The subsequent algorithm generates the proposal distribution using the Hamiltonian equations. In particular, it will start from \[ \theta(0) = \theta^{i-1}, \quad p(0) \sim N(0,M). \] Using the Hamiltonian equations over a time interval \(t\), we obtain (in slight abuse of notation)
\begin{eqnarray*} \hspace{-0.2in} \theta^* - \mu &=& \cos(t/\sqrt{\sigma^2 M}) (\theta^{i-1} - \mu) + \sigma \sin (t/\sqrt{\sigma^2 M}) N(0,1)\\\ p^* &=& -\frac{\sqrt{M}}{\sigma} \sin(t/\sqrt{\sigma^2 M}) (\theta^{i-1} - \mu) + \sqrt{M} \cos(t/\sqrt{\sigma^2 M}) \cdot N(0,1) \end{eqnarray*}
The acceptance probability for the proposed draw depends on the Hamiltonian. But by construction, the dynamics of \(\theta\) and \(p\) are such that the Hamiltonian is constant, meaning the draw is always accepted. So, we obtain the following autoregressive law of motion: \[ \theta^{i} - \mu = \cos(t/\sqrt{\sigma^2 M}) (\theta^{i-1} - \mu) + \sigma \sin (t/\sqrt{\sigma^2 M}) \epsilon^i, \quad \epsilon^i \sim N(0,1) \] Because \(\sin^2 + \cos^2 = 1\), it is easy to see that the stationary distribution of this AR(1) process is the target posterior \(N(\mu,\sigma^2)\). The persistence of the chain depends on the time period \(t\). When \(t\) is set to \[ t^{iid} = \frac{\pi}{2} \sqrt{\sigma^2 M}, \] the chain produces uncorrelated draws of \(\theta\).

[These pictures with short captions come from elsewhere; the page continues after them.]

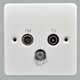 Зображення  Розетка MK K3553 WHI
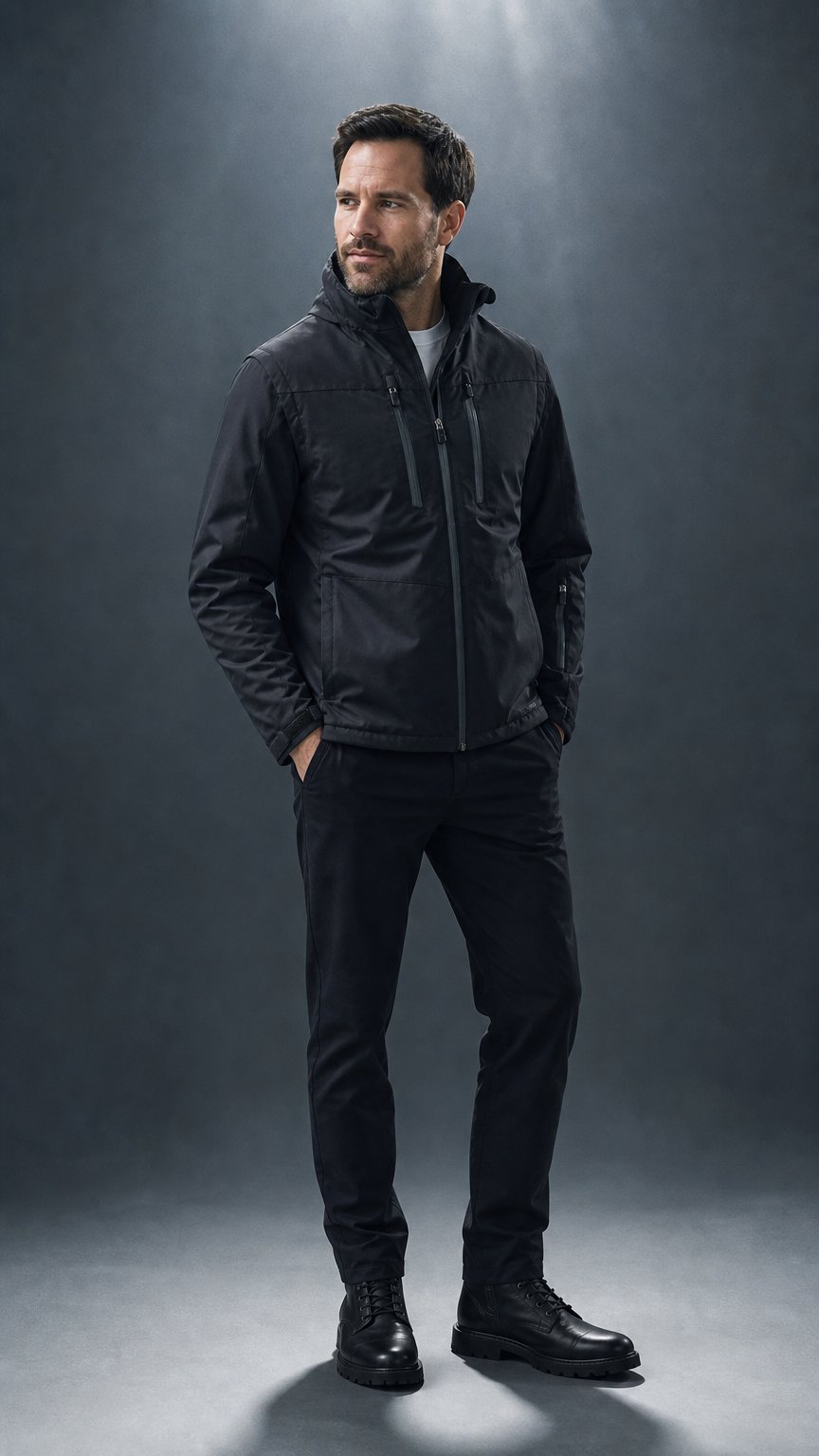 AI product shot of Evorev Jacket for Men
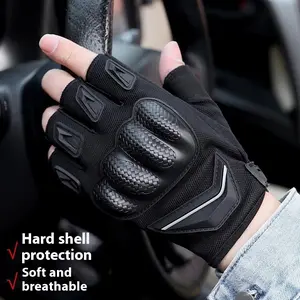 Half Finger Cycling Gloves Men Spring Summer Tactical Outdoor Anti-drop Sports Driving Fingerless Motorcycle Gloves
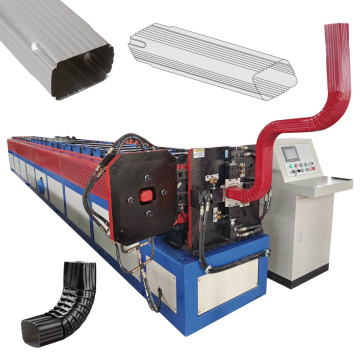 Downpipe Roof Machine: New Design Gutter and Downspout Forming Machine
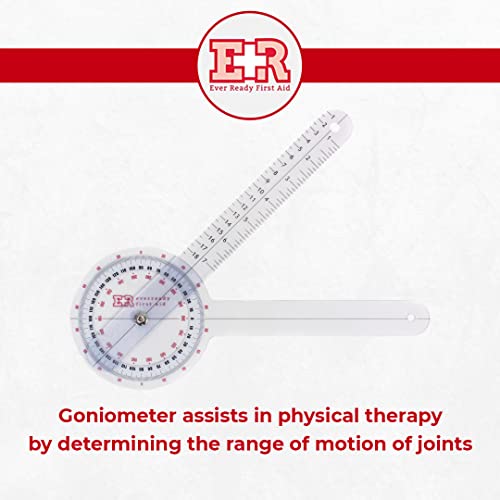 Ever Ready First Aid 12" Goniometer 360° ISOM – Variation 1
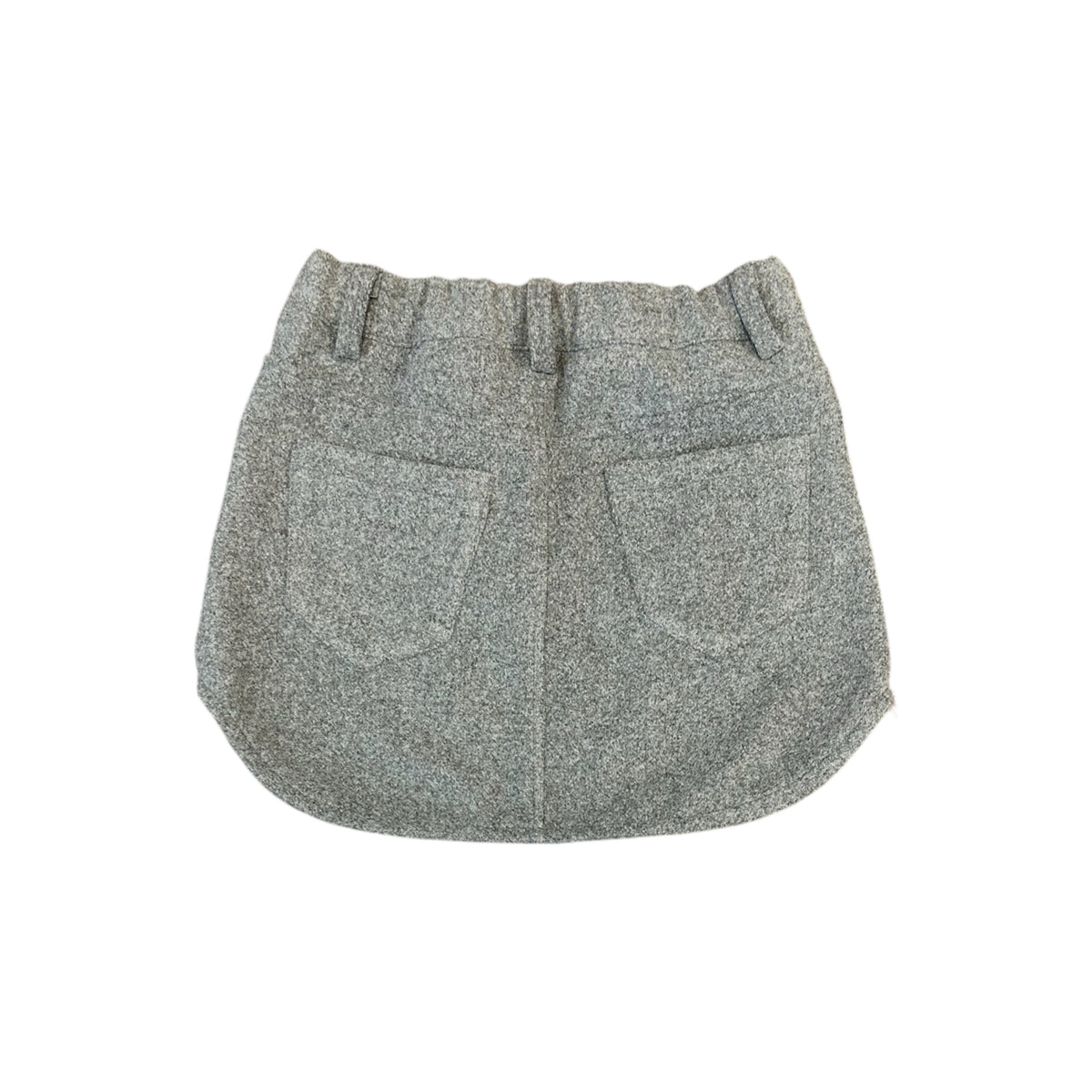 Gonna grigio bambina giro quadro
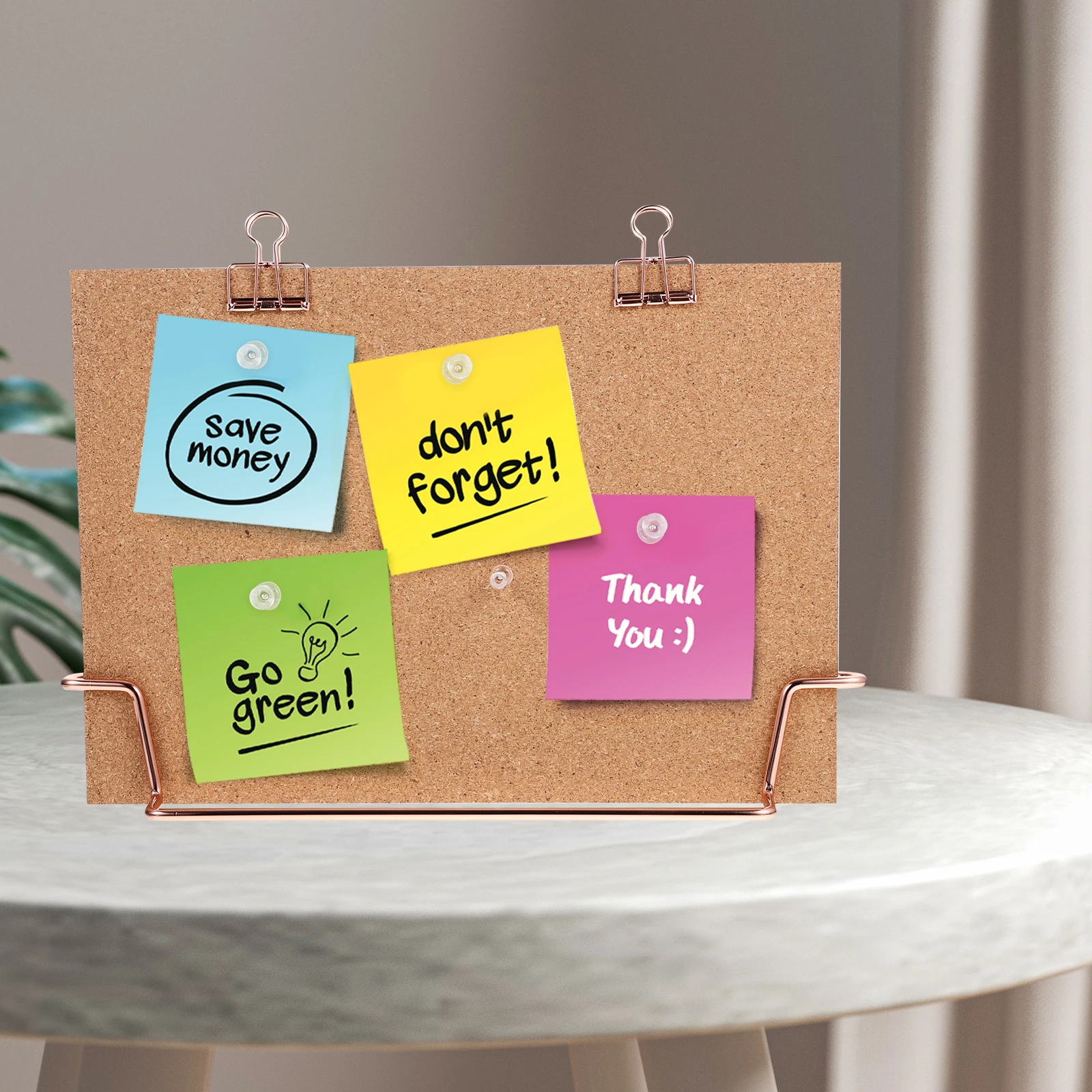 

Cork Board Note Name Notice Pin for Desk Display Small Decorative Office Bulletin Wall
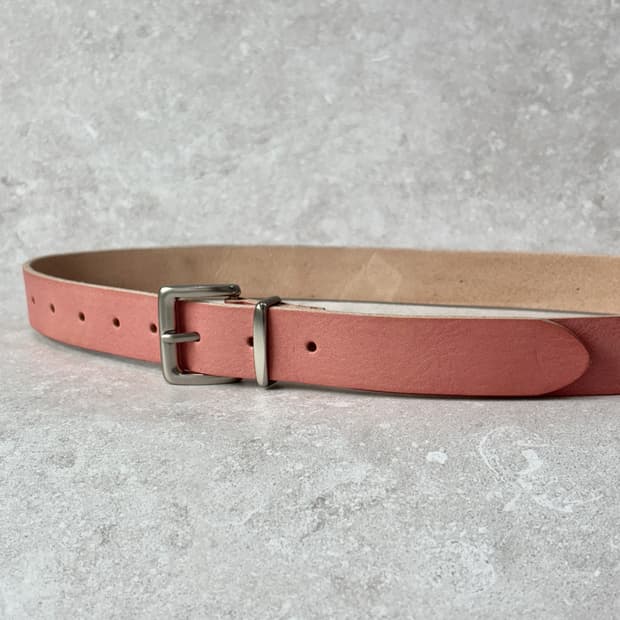 Oribell 크롬 버클 이탈리아 소가죽 베이직 벨트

To actual obtain (an approximate) \(\hat Q_{\bar t}(p, \theta)\), Hamilton’s equations are discretized in time.
To discretize, pick a step size \(\epsilon = \Delta t\). Then applying \(\bar t / \epsilon = L\) steps (assumed to be an integer) of the
discretized Hamiltonian obtains a draw from \(\hat Q_{\bar t}(p, \theta)\).
There are many ways approaches to discretize the ODEs!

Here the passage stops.